There are going to be hundreds of tablets here at CES 2012, but the OLPC XO 3.0 isn't just any tablet. It's a tablet for children, and again, not just any children, but children living in some of the poorest parts of the world. Like its XO laptop, OLPC has built an educational tablet for use in low-power locations. It's been designed for outdoor use (a PixelQi outdoor readable display, a solar panel lid, and all) and has some different software options (Android and its own Sugar OS). Of course, I'm not really the target market, but below are my first impressions of the tablet.


No, the XO 3.0 isn't as thin as the original renders showed, and it's thicker than most tablets on the market, but it actually feels pretty light in hand. (OLPC doesn't have the exact specs just yet.) I can't say how kids would find it to use (I have bigger hands and longer fingers than the average five-year old), but hey, I don't hear many kids complaining about the iPad. It's easy to see how the design language from the original OLPC laptop carries through to the new tablet. The rubber back feels a lot like the rubber keyboard on the laptop, though the braille-like raised dots create for a different type of feel. I actually thought they were a bit too rough on my hands.

The bottom edge has a USB port, Micro USB port, headphone and mic jacks, and a power jack. That power jack will accept the tablet's regular AC adapter, but also other sorts of power sources, including a hand crank. As you will see in the video, I got a chance to test out the crank, and it does indeed start charging the tablet, though you have to crank hard and fast.

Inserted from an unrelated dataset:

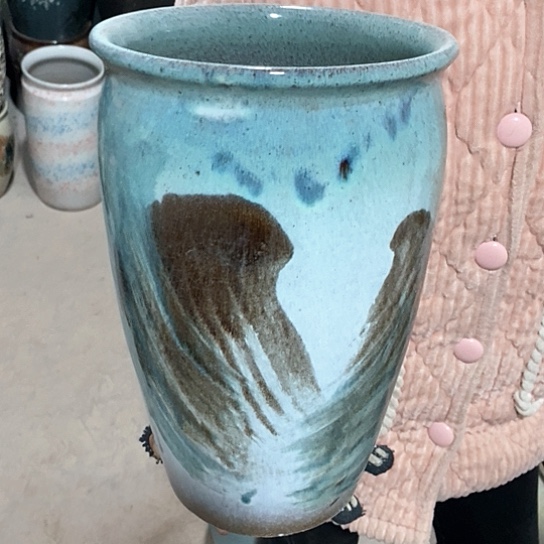 紫砂花盆口20高31，山水釉，微瑕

So, what's going on with the tablet's cover? OLPC will have two versions of the lid. The first is just a basic rubber cover. The second has a four-watt solar panel inside it and a battery. The unit I saw wasn't working, but if it did you would be able to leave it out in the sun, charge up the battery, and then attach it to the back of the tablet. Again, I wasn't able to see this in action, but the four screws along the side of the tablet will apparently support inductive charging. It sounds incredibly awesome and well-thought-out, but we'll see how much progress OLPC can make on that.

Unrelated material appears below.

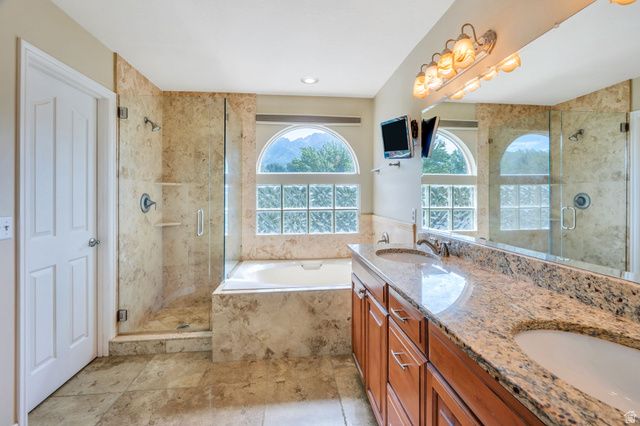 942 E CURLEW CIR, Draper, UT 84020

OLPC XO 3.0 hands-on pictures



OLPC will offer two display options: a regular 8-inch 1024 x 768 LCD and then an 8-inch PixelQi, outdoor readable version. OLPC only brought the LCD version to the show, and while it's no IPS panel, I thought the display was decently bright. The touchscreen was responsive, but the slow software clearly holds it back.

Software and performance

There will be an Android version of the tablet, but I got a look at the Linux version with OLPC's Sugar operating systems. There are two problems I see so far with the software. Firstly, it's slow. While the tablet does have only a Marvell Armada PXA618, 512MB of RAM, and 4GB of internal storage, I think it has more to do with the actual software not being ready. The delay between tapping the browser icon and it opening was noticeable. The second problem is that the software doesn't seem to be optimized for touch. When I tried to scroll in the Wikipedia program, it highlighted text; I had to select the scroll bar to get to the bottom of the page. OLPC says it is working on this and that it does work in some applications. Speaking of applications, many of the apps for this tablet are built by countries that buy the tablets or laptops, so while there are native browser, camera, word processing programs, the others have to come from the open source community.


It's always hard to look at OLPC's products and make a snap judgement. They aren't meant for me, they're not even meant for my unborn children (I don't have any and I'm not pregnant). Still, what I'd say right now is that the hardware is as innovative as ever, and if they can really pull off the $100 price point, it will be the most well-built tablet under $200. However, OLPC has a ways to go on speeding up and optimizing the software. Or maybe, its decision to support Android will be more popular than it thinks.